Perhaps this is the right place for me to confess that my life proper began at the age of 61, when I already had two ex-wives, four children and three grandchildren who've recently reached adulthood.
Confess? Yes, on account of my endless foolish mistakes, for which I suffered more than those affected by my actionss. I don’t wish to go into details, feel no need for public catharsis. I shall only say that these things couldn’t be helped. I’ve written a lot about my childhood and published it too, but those were only the happy parts.
What I want to share here is a conviction that sex is of no value without true love. The world’s conversations have got in the groove of discussing relationships and sex as if their problems can be remedied by expert advice and comparing notes. I don’t mean this site, I’ve only just joined.

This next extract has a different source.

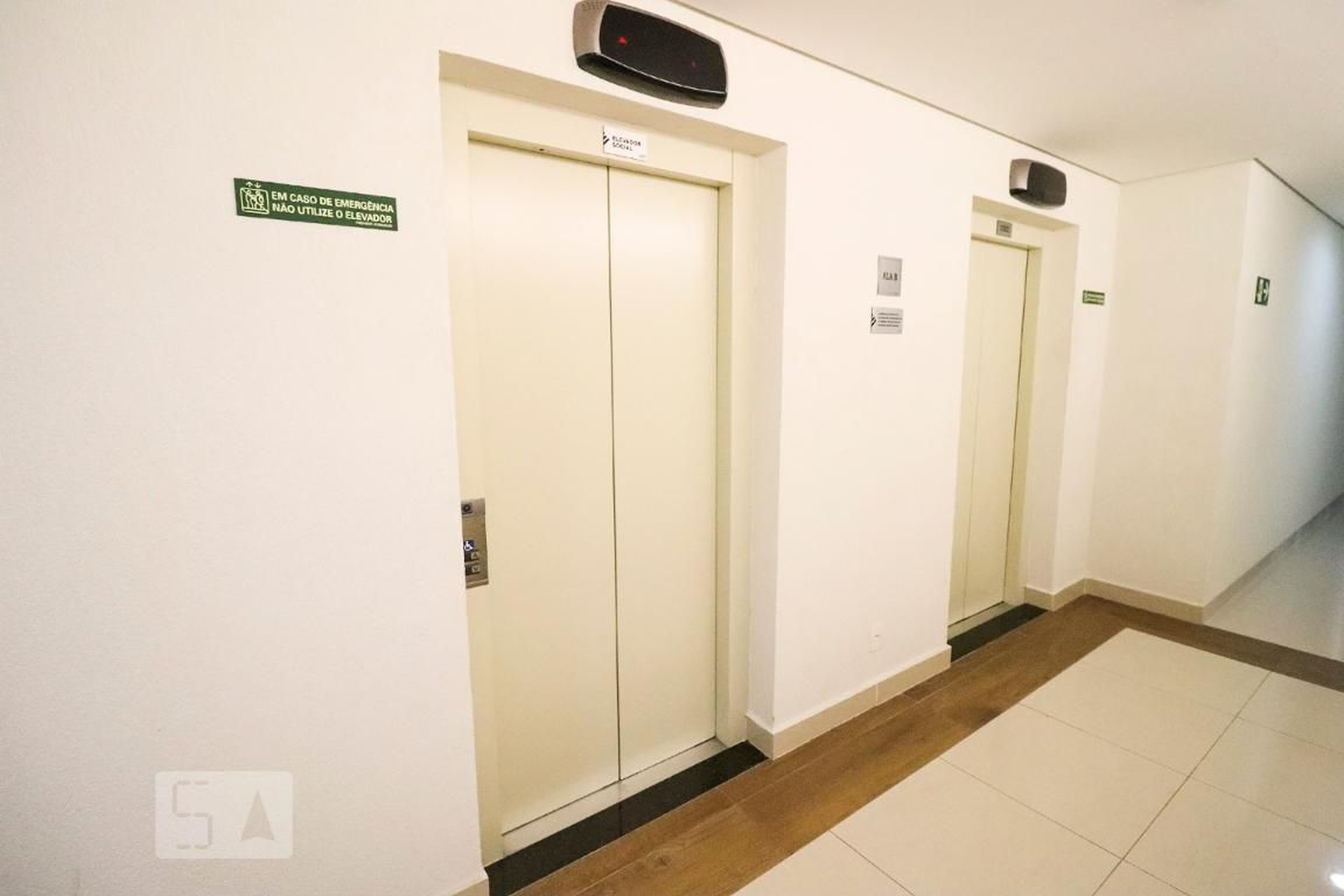 Hall - Dna Smart Style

I’m proposing, by way of a discussion topic, that true love can be clearly defined. What do you think?
I've attached a manifesto from the seventeenth century, which suggests that it's unaffected by the depredations of time, unconditional. My wife and I are not far from "the edge of doom", as Shakespeare puts it, but sexual desire, however physically & spiritually expressed, remains constant if not greater. Especially now that the duties of work & offspring no longer get in the way.
And how is true love found, in the first place? Luck, a deep longing in the heart, dating sites? Dunno. (For us it was all three.)